= Beginning of Section =

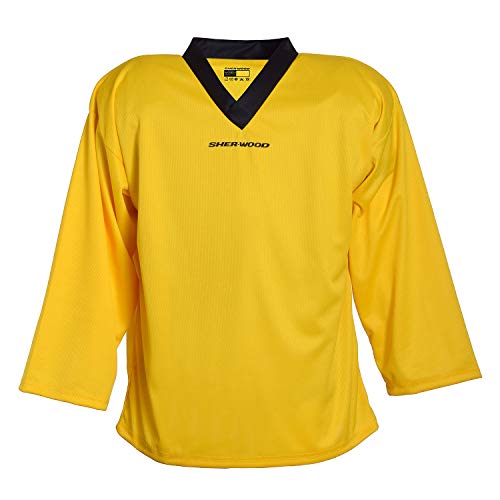 SHER-WOOD - Eishockey Trainingstrikot Junior für Kinder I stilvolles Practice Jersey aus gelochtem Mesh-Stoff I V-Neck Jersey zum Trainieren I tolle Passform I wird über den Brustpanzer gezogen, Gelb, Gr. S von Sherwood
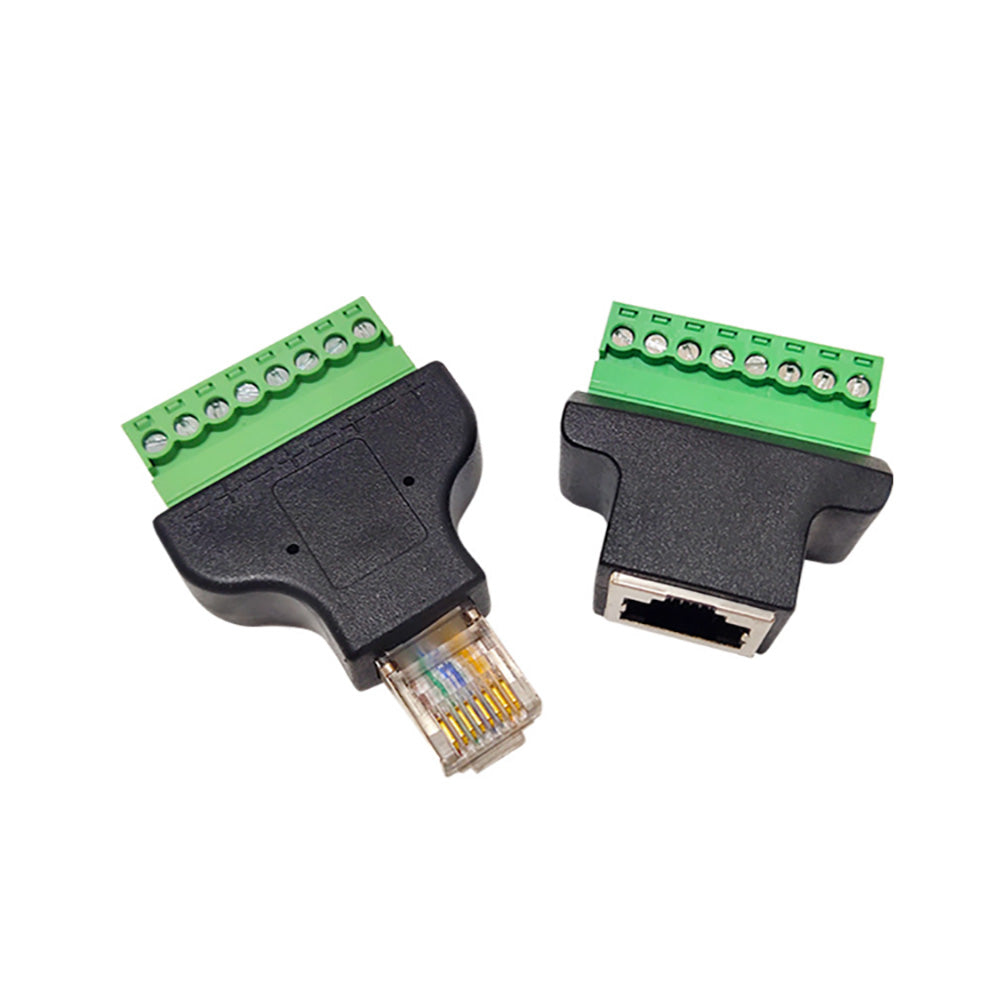 Ethernet RJ45 Female/male To Screw Terminal 8 Pin for CCTV DVR Adapter Connector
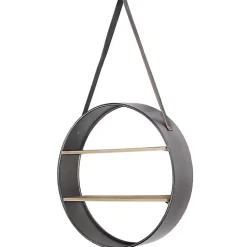 Kirklands Home Shelves|Metal Circle Wall Shelf with Leather Strap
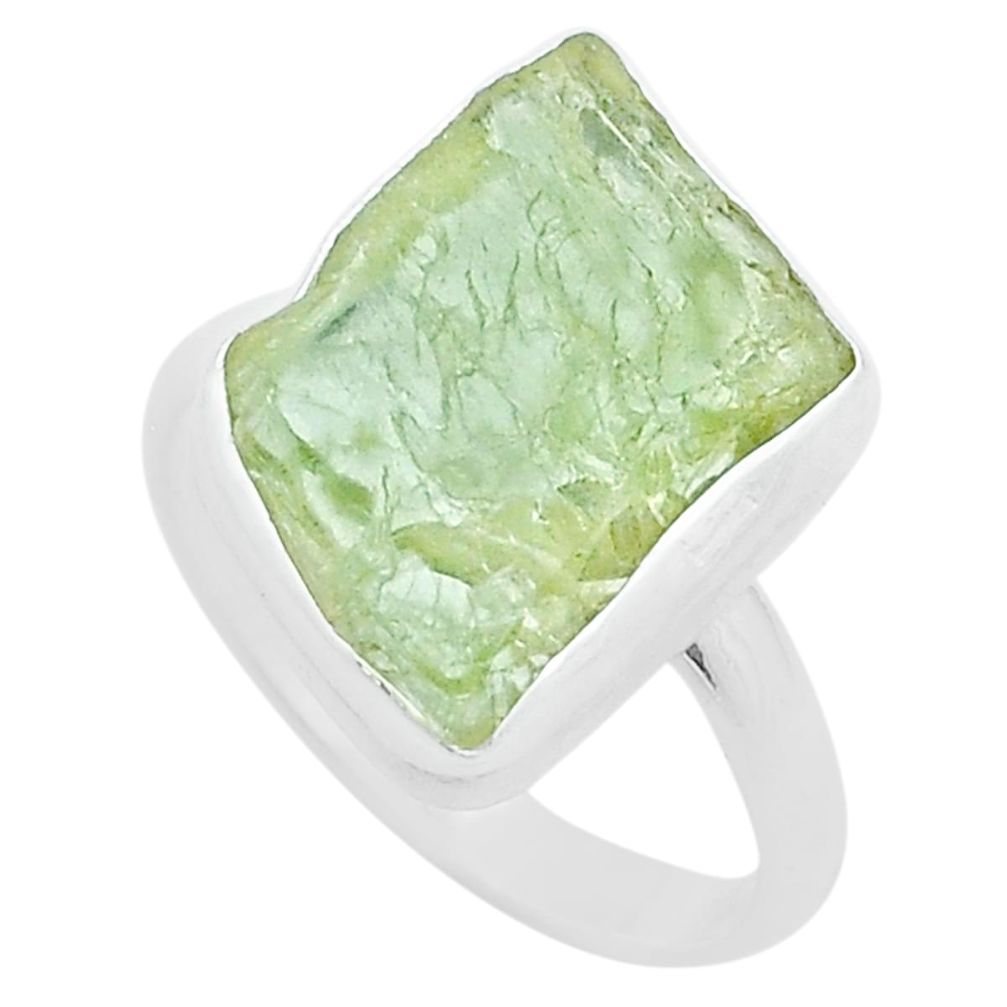 925 silver 12.48cts solitaire natural green hiddenite rough ring size 10 u61872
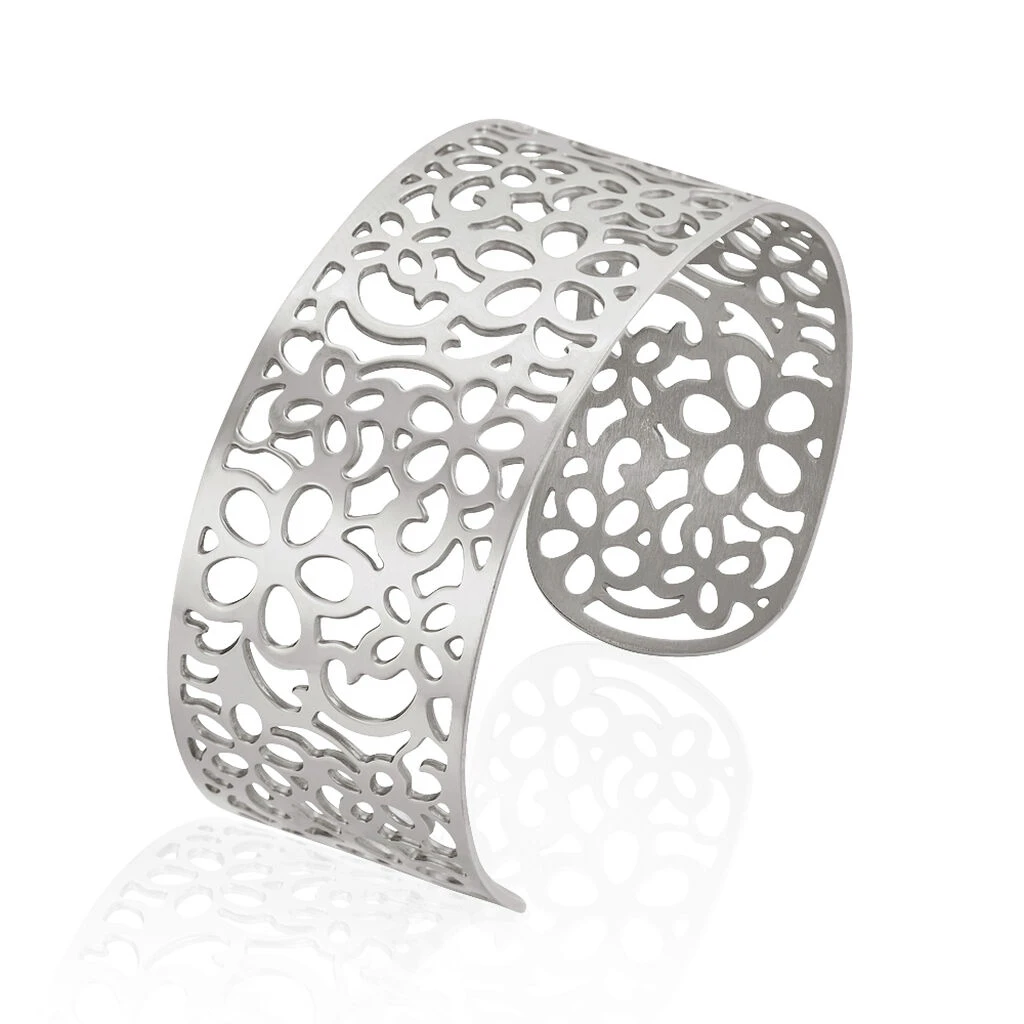 Bracelet Manchette Brenda Acier Blanc 3 Bracelet Manchette Brenda Acier Blanc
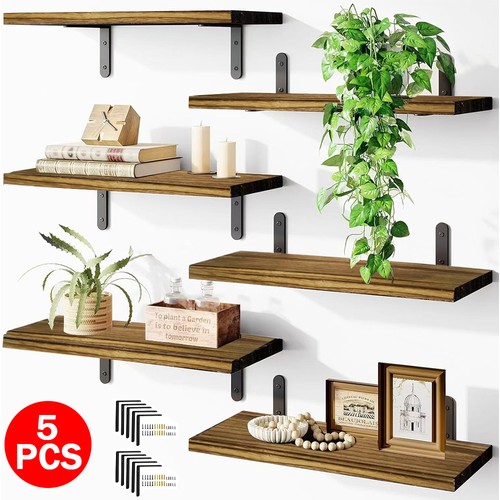 5piece rustic shelves floating - shelves,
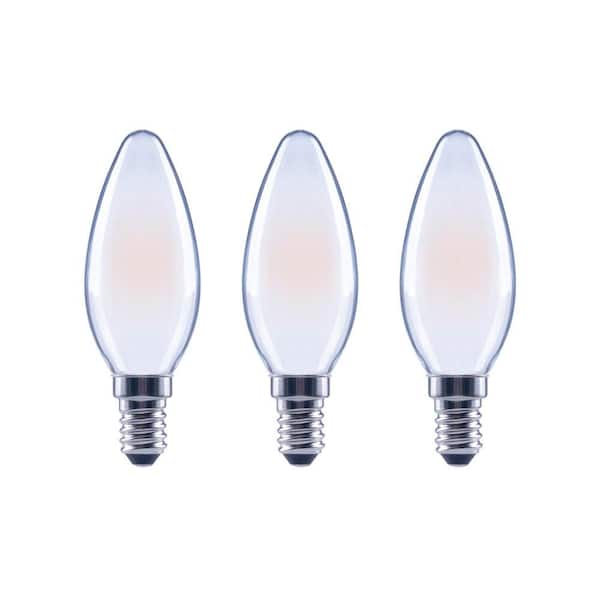EcoSmart 60-Watt Equivalent B11 Dimmable Candelabra ENERGY STAR Frosted Glass Vintage Edison LED Light Bulb Bright White (3-Pack)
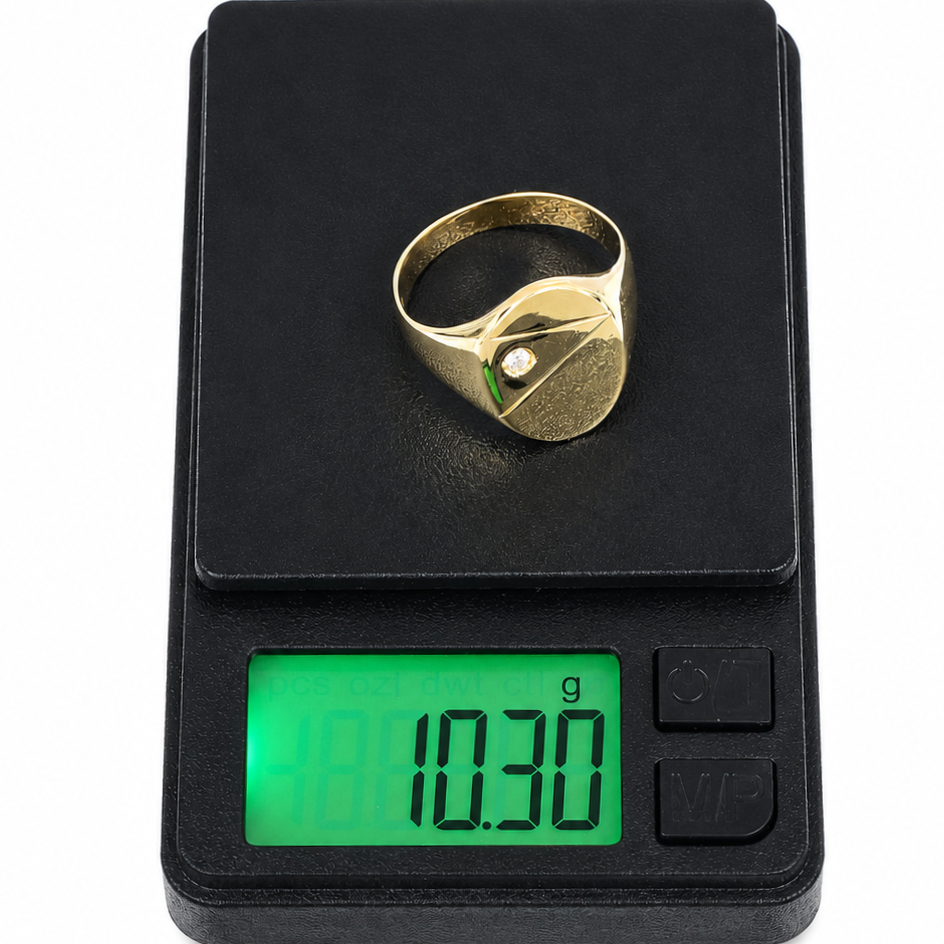Anello - 18 carati Oro giallo - 0.07ct. tw. Diamante (Naturale) - Made in Italy - Handmade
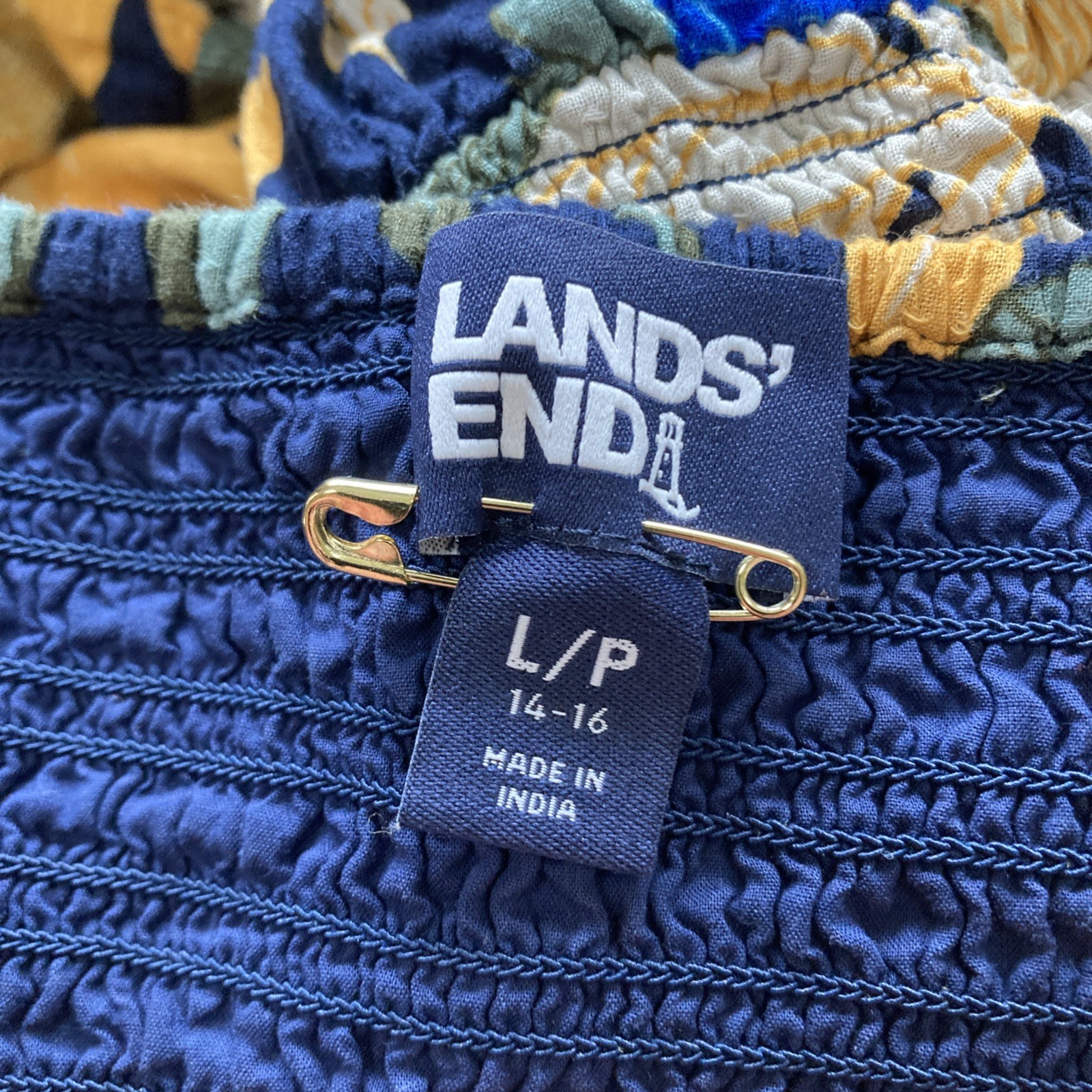 Land’s End Women’s Smocked Peasant Dress L/P 14-16 Blue Yellow Cotton Lined Vtg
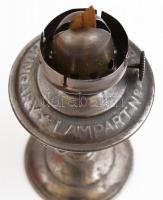 Régi petróleumlámpa üveg búrával, jelzett, m: 33 cm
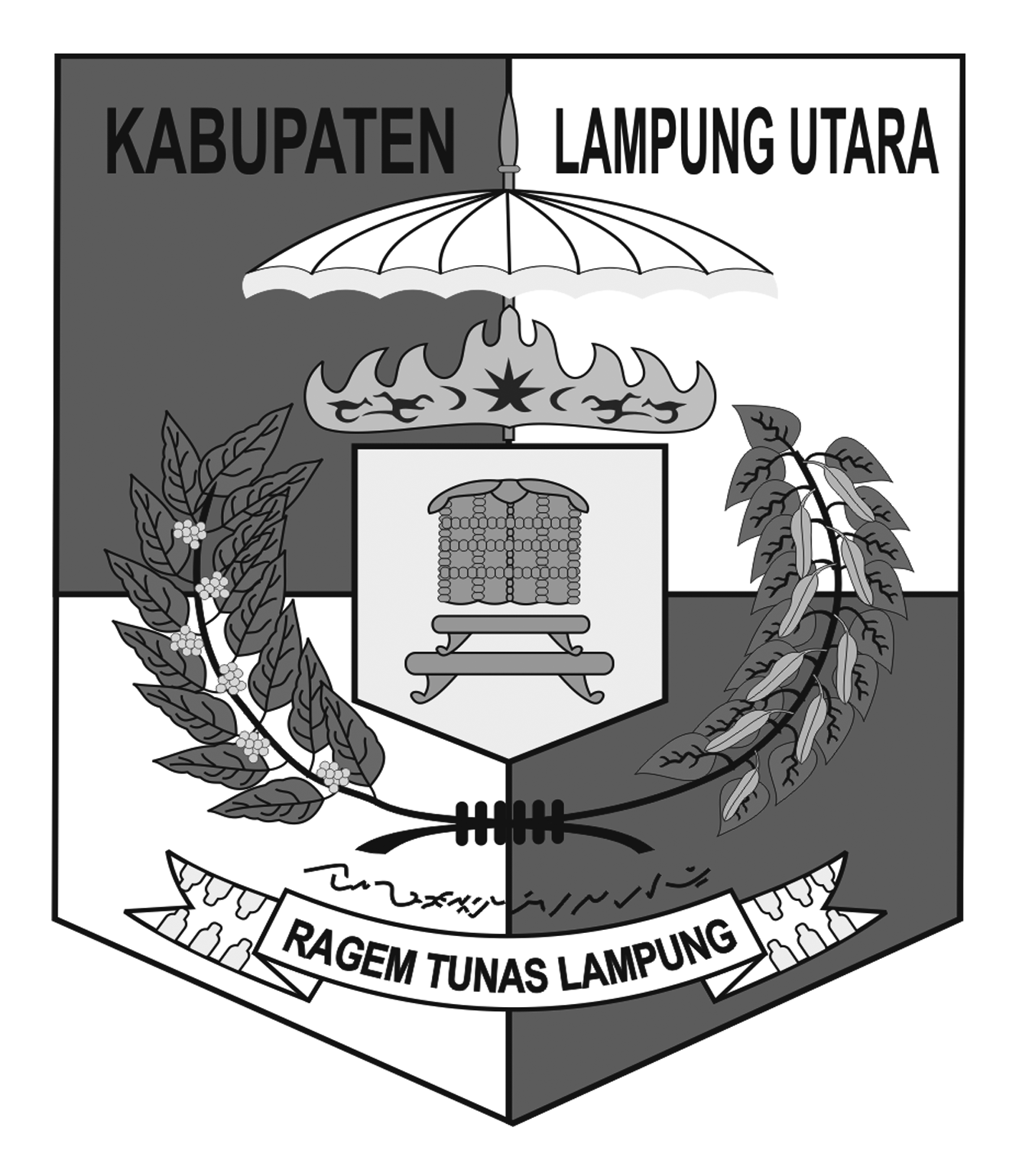 Logo Lampung Utara Hitam Putih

= End of Section =

▸ **Task requirements**: Copy the records exactly. Skip the images.

▸ **Task output**:
 SHER-WOOD - Eishockey Trainingstrikot Junior für Kinder I stilvolles Practice Jersey aus gelochtem Mesh-Stoff I V-Neck Jersey zum Trainieren I tolle Passform I wird über den Brustpanzer gezogen, Gelb, Gr. S von Sherwood
 Ethernet RJ45 Female/male To Screw Terminal 8 Pin for CCTV DVR Adapter Connector
 Kirklands Home Shelves|Metal Circle Wall Shelf with Leather Strap
 925 silver 12.48cts solitaire natural green hiddenite rough ring size 10 u61872
 Bracelet Manchette Brenda Acier Blanc 3 Bracelet Manchette Brenda Acier Blanc
 5piece rustic shelves floating - shelves,
EcoSmart 60-Watt Equivalent B11 Dimmable Candelabra ENERGY STAR Frosted Glass Vintage Edison LED Light Bulb Bright White (3-Pack)
Anello - 18 carati Oro giallo - 0.07ct. tw. Diamante (Naturale) - Made in Italy - Handmade
 Land’s End Women’s Smocked Peasant Dress L/P 14-16 Blue Yellow Cotton Lined Vtg
 Régi petróleumlámpa üveg búrával, jelzett, m: 33 cm
 Logo Lampung Utara Hitam Putih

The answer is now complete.